Poin berpoin efektif ketika kontennya benar-benar berupa daftar: item-item yang sejajar dan memiliki bobot serupa, tanpa urutan tertentu atau dalam urutan yang perlu dilihat pembaca. Langkah, opsi, persyaratan, kriteria.
Mereka berhenti berfungsi ketika digunakan untuk memecah prosa yang sebenarnya merupakan sebuah argumen. Sebuah argumen memiliki keterkaitan antarbagian, dan bullet menghilangkan tepat hal tersebut, sehingga pembaca harus menyusun kembali alasan mengapa satu poin mengikuti poin lainnya.
Ujian yang sebenarnya adalah apakah item-item tersebut dapat diurutkan ulang tanpa kehilangan makna.

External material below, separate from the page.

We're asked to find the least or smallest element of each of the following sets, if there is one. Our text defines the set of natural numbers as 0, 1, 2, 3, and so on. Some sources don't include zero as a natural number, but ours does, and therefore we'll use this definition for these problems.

Jika tidak, konten tersebut merupakan rangkaian penalaran dan seharusnya disajikan dalam paragraf.
Kegagalan sebaliknya juga patut disebutkan. Konten yang seluruhnya diubah menjadi bullet kehilangan penalaran yang membuatnya layak dibaca, dan akan terasa dangkal meskipun tampilannya rapi.
Apa yang membuat daftar bullet yang baik
- Tata bahasa paralel: setiap item dimulai dengan cara yang sama, baik berupa kata kerja, kata benda, maupun pernyataan.

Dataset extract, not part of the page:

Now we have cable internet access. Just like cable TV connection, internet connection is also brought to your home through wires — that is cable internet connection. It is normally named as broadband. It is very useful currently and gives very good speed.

- Panjang yang serupa, karena satu item yang panjang di antara item-item pendek terlihat seperti kesalahan.
- Tiga hingga tujuh item; daftar yang lebih panjang sulit dipindai.
- Item yang dapat berdiri sendiri, tanpa bergantung pada item di atasnya.

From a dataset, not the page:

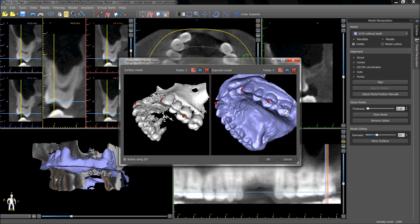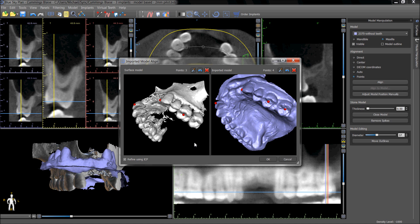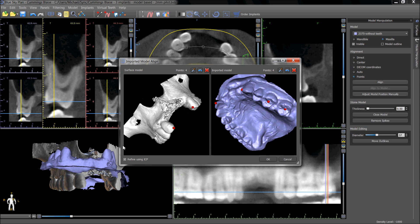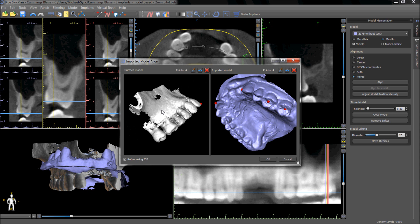At least 5 points should be placed, but the more points placed, the better and the more accurate the merge will be.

- Baris pengantar yang menjelaskan isi daftar.
- Detail yang cukup pada setiap item agar bermanfaat, bukan hanya dua kata yang perlu dijelaskan.
Kesalahan umum
- Membuat argumen dalam bentuk poin, sehingga alasan yang menghubungkan argumen tersebut hilang.
- Tata bahasa campuran, ketika beberapa item berupa kata kerja dan lainnya berupa kata benda.
- Daftar berisi dua puluh item yang dibaca sebagai dinding teks, bukan dipindai.
- Poin-poin bullet satu kata yang tidak menyampaikan informasi apa pun.
- Halaman yang hampir seluruhnya terdiri dari poin-poin bullet, yang menandakan bahwa tidak ada yang mau menulis kalimat penghubung.
Di mana generator poin bullet membantu, dan di mana tidak
Generator ini bagus dalam mengekstrak daftar yang tersembunyi di dalam paragraf serta menerapkan struktur paralel pada setiap item, sesuatu yang cukup merepotkan jika dilakukan secara manual.
Generator ini tidak dapat menilai apakah konten memang seharusnya dibuat menjadi daftar, dan akan dengan senang hati mengubah sebuah argumen menjadi poin-poin bullet jika Anda memintanya. Inilah cara utama alat ini disalahgunakan.
Periksa apakah hasilnya terbaca sebagai butir-butir yang paralel, bukan sebagai paragraf yang terpecah-pecah.
Menggunakan generator poin
Masukkan teks Anda dan alat ini akan mengembalikannya dalam bentuk poin-poin. Bagian teks yang benar-benar dapat dienumerasikan menghasilkan hasil yang jauh lebih baik daripada bagian teks yang berisi penalaran.
Kemudian periksa apakah tata bahasanya paralel, setiap butir memiliki bobot yang sebanding, dan tidak ada hal penting yang hilang bersama kalimat-kalimat penghubungnya.